= Paul Rice Camp =

American academic and a professor of physics

Paul Rice Camp (December 29, 1919 – January 9, 2012) was an American academic and a professor of physics at the University of Maine. Camp's research focus lay in solid-state physics. He was particularly interested in the surface growth of ice.

== Early life and education ==
He was born in Middletown, Connecticut, to Professor Burton Howard Camp and Rachel Caroline Rice. His older sister, Miriam Camps (née Camp), was a prominent writer and economist who for many years worked in the U.S. State Department. His uncle, Paul North Rice, was a prominent librarian at the New York Public Library and other institutions.

Upon his graduation from Wesleyan University in 1941, he joined a group of scientists at the Naval Research Laboratory whose work centered on the development of radar. After the United States entered the Second World War, he was commissioned in the Navy while continuing his work at the laboratory.

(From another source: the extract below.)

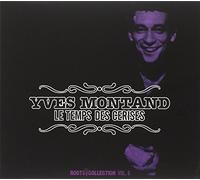Yves Montand - Le Temps Des Cerises - Roots Collection, Volume 6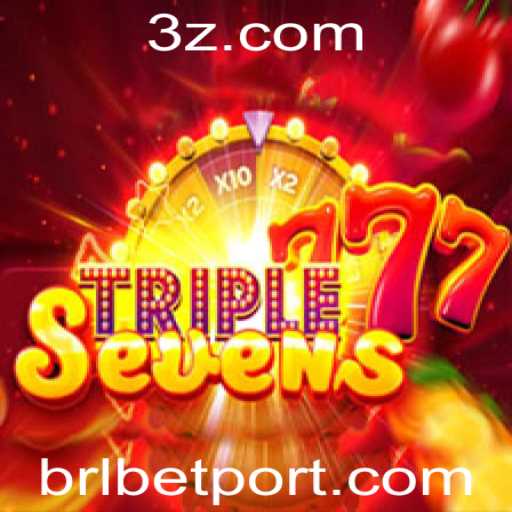Jogo 777TripleSeven: Uma Experiência Emocionante no Mundo BRLBET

Camp received his M.A. in Physics from Harvard University in 1947 and received his Ph.D. in Physics from the Pennsylvania State University in 1951.

== Career ==
Early in his career, Camp taught at Reed College and the Polytechnic Institute of Brooklyn. In 1961, Camp departed Brooklyn Polytechnic to become Chief of the Materials Research Branch at the newly created U.S. Army Cold Regions Research and Engineering Laboratory in New Hampshire. While at USA CRREL, as the laboratory is known, Camp was engaged in substantial research regarding the physical properties of ice.

In 1965 and 1966, during a leave of absence from CRREL, he served as a member of the Commission on College Physics (CCP), then headquartered at the University of Michigan. Created through a grant of the National Science Foundation in seeking to improve science education across the country, the 17-member CCP held numerous national conferences, issued many publications, and, most prominently, suggested various aids and revisions in the teaching of college physics.

In 1967, Camp accepted a position at the University of Maine as both Professor and Chair of the Department of Physics. While Chair, he significantly expanded the University's focus on physics by insisting that specialists be hired in a wide variety of sub-fields within the subject. Camp is notable for having established the Ph.D. program in Physics at the University.

He retired from the University of Maine in 1996 and later became a Distinguished Emeritus Professor at the University.

Camp was a longtime member of the American Physical Society, American Association of Physics Teachers, and International Glaciological Society.

== Personal life ==
Camp was married to Polly Ann Newton (1934–2024), a Geneseo native and graduate of Wellesley College, with whom he had three daughters.

Through his mother, Camp was a descendant of the English colonial settler Edmund Rice (1594–1663).